December Paintings

It’s been a while since I’ve posted about my painting and this is largely because I haven’t done a lot of studio work since September. This combined with the fact that our computer hard drive broke down, so I can’t process my photos as I normally would. Life has been been demanding in all sorts of ways since September that I could not have predicted. I have found myself embroiled in a variety of matters associated with a number of committees and other groups that have taken up far too much of my time and energy. My resolution for the new year is clear – I’m not going to take on any more battles and I am going to spend a lot more time painting. How wonderfully simple is that?

Getting back to being creative after an intensive period of work is always difficult and I think that there is a natural cycle of creativity – a time for industry and inventiveness and a time to slow down and prepare for the next busy period. I feel like I am somewhere in between at the moment as I am thinking about my next body of work but also keen to finish some pieces before Christmas.  We sold the last of my seascapes a couple of weeks ago in our gallery and this has forced me to focus my attention in this direction. I wanted to make some winter seascapes, dark brooding ones that reflect the weather at the moment which is stormy and unpredictable. I imagine myself out at sea reaching back towards a shadow of land in the distance and in another piece, the sky is the dominant feature, broiling and curling over the waves beneath. Here’s a few photos – the quality isn’t great as I took them with my phone.

 

 

Wild Sea

I’ve kept this image small as it is slightly out of focus and this is accentuated when it is reproduced larger – insert another pledge for the new year – sort out my computer!

 

 

Seascape with wild sky

 

 

Both of these pieces were worked over a relatively short period.
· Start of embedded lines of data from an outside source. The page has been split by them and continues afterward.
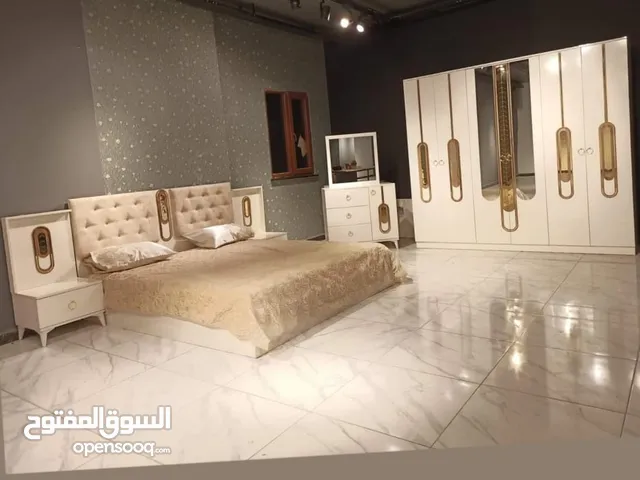 ستوديو صغير غرفة (دار) عزابة معاها بوفية وحمام للإيجار الشهري وسط البلد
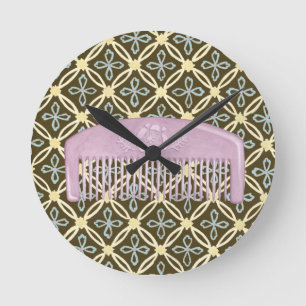 Lavender Comb on Chocolate Background Runde Wanduhr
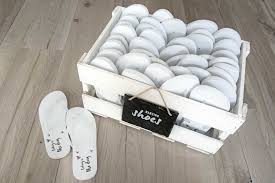 Simply mix & match our bulk flip flops, baskets, stands, tags & signs. Flip Flops Fur Mude Tanzfusse Bei Der Hochzeitsfeier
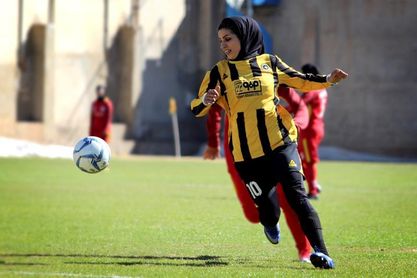 La pasión por el fútbol de las jugadoras iraníes rompe barreras La pasión por el fútbol de las jugadoras iraníes rompe barreras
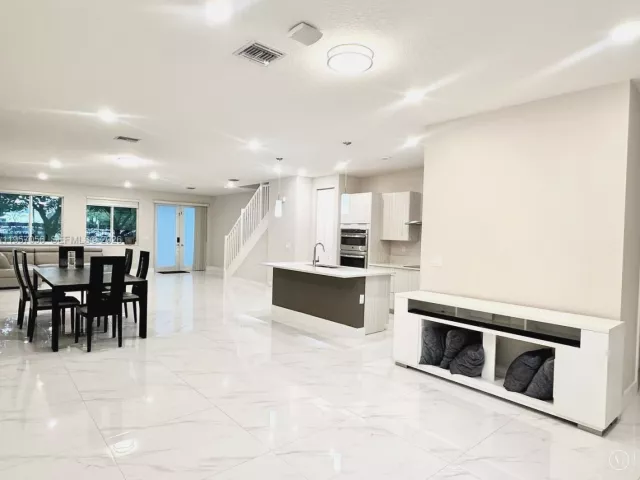 3-bedroom home for rent in Doral - 10420 NW 67th St 10420 - MondialRealty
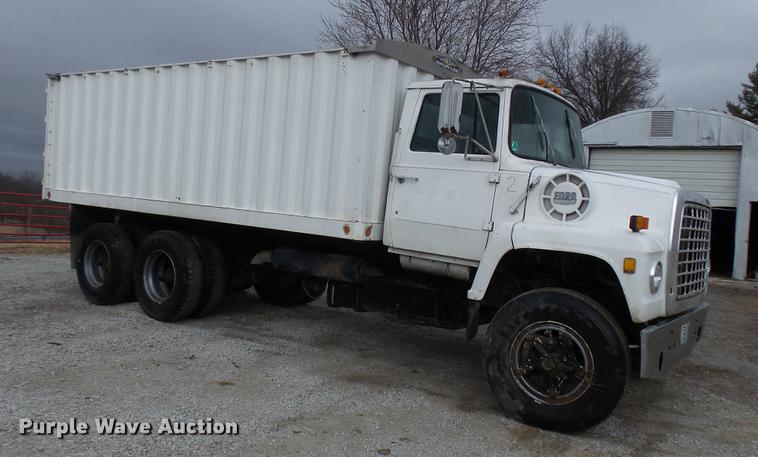 image for item DP9574 1975 Ford 900 grain truck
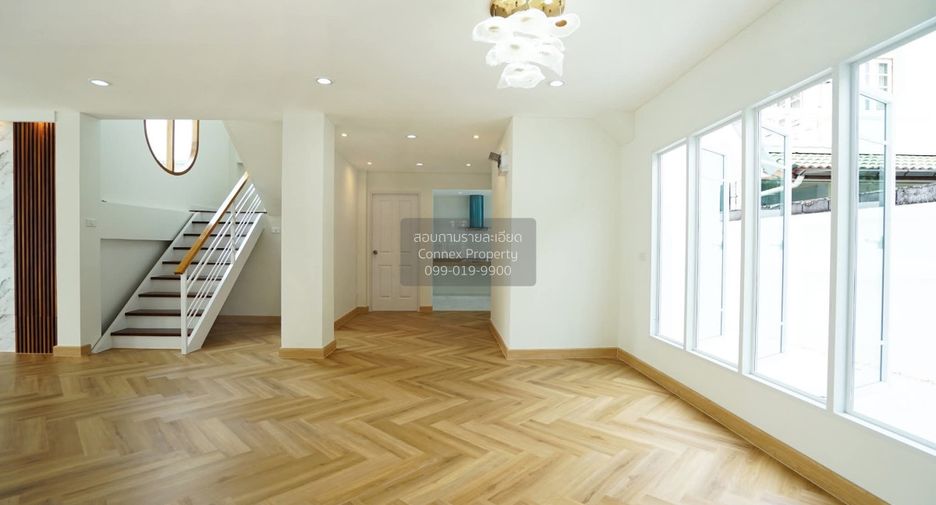 For sale 4 bedrooms house in Bang Khun Thian, Bangkok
I find that the work improves as I gain confidence with my ability to express a mood as freely as possible and this often happens during short energetic bursts of work. If I get bogged down in technicalities, the paintings lose this energy. I need to give myself permission  to be in the landscape ( or seascape ) while I am working and to feel what it is like to be there. This might sound like fancy, but it is simply where I am at the moment with this work.